3. 3-4 teaspoons of Coconut powder (yes !!! coconut powder - on the request of my friend Anshu who wanted coconut and tamarind recipes).

Cover it up and let it boil for 10-15 mins on medium flame. If you are feeling lazy, you can put all the above ingredients and pressure cook them with the dals. But that makes you lose control on how soft you want the turai pieces.

After 10-15 mins, the turai pieces start to look like below.


As you can see, the flesh is almost about 50% dissolved into the water. You stop boiling now. At this stage, the skin is just about right in crispiness. Now add these boiled contents into the cooked dal. Do not discard any of the boiled water - it contains 50% of the turai flesh !

Tadka:

Usual tadka with 2-3 tsps of Mustard seeds, 2 tsp Jeera seeds, Heeng and Chopped Garlic. Chopped Garlic goes awesome with these types of dals. Make the tadka on medium flame, so as not to burn the garlic. The smell of tadka should be amazing by now.

Add the tadka to the dal. Add some chilli powder if you want it spicy. Adjust salt. Can also add a dash of Garam Masala to the dal if you want to make things really interesting. Just in case, the dal doesnt turn out good, Garam masala also serves to cover up the flaws - I added 1 tsp to this dal. Now the final dal looks like below.

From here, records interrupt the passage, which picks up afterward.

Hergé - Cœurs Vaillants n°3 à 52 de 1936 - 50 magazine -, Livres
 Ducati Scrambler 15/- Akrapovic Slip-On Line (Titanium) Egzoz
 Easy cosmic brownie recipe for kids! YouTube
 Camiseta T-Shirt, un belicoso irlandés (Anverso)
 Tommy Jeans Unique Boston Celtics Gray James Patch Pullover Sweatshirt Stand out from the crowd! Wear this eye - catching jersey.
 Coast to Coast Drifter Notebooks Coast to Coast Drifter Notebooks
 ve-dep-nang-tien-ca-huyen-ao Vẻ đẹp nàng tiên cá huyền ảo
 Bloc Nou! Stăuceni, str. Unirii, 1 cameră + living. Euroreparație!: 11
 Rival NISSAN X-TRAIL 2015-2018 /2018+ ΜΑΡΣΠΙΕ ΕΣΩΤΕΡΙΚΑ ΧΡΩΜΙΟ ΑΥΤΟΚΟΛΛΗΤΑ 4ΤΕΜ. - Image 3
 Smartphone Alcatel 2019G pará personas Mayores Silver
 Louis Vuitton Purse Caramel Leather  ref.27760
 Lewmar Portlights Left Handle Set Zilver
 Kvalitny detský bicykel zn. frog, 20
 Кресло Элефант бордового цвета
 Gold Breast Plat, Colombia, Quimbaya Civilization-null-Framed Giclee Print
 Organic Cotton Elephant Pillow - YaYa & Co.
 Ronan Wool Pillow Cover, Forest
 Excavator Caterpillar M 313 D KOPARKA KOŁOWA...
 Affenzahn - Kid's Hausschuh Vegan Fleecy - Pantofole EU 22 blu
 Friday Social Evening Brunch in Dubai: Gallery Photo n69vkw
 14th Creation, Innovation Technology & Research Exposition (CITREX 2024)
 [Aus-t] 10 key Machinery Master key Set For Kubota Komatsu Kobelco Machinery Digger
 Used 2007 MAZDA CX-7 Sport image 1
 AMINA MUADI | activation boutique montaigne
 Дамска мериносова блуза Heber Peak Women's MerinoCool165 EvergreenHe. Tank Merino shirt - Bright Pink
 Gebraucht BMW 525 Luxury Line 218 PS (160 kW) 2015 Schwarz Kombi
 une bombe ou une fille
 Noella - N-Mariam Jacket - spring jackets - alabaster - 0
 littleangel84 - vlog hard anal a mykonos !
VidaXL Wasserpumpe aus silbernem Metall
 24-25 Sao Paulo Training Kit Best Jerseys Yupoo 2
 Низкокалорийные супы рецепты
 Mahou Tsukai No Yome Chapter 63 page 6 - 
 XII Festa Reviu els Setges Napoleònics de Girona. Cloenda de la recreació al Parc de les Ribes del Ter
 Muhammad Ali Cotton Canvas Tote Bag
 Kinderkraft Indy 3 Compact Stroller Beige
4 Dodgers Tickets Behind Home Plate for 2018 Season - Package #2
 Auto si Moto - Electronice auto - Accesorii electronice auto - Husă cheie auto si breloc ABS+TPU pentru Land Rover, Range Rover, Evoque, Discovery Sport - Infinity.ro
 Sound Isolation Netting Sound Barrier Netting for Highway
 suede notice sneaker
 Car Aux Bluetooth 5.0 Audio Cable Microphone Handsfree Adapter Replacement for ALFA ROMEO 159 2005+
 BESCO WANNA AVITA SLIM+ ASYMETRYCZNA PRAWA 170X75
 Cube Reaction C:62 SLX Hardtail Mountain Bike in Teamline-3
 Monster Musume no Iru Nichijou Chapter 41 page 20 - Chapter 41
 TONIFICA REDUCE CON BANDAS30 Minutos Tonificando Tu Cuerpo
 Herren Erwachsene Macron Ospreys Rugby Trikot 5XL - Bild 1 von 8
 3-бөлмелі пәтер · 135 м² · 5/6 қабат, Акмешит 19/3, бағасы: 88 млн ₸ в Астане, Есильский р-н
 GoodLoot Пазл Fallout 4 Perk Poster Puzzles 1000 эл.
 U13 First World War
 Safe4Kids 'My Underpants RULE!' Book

Enjoy with hot rice or chapatis.

Flavors:

I don't want to sound over analytic here. But consider the following

Coconut......southy flavor

Turai..... anywhere flavor

Toor + Moong .... punjabi flavor

Garam masala.... northy flavor

mera bharat mahan...

6 comments:

  1. The fragrance is almost coming out of my laptop! I like food that you have when you are sick, since its so light and not that hot :) The hing, jeera , garam masala, garlic is so basic but yet SO GOOD. Damn, I have to cook tonight now!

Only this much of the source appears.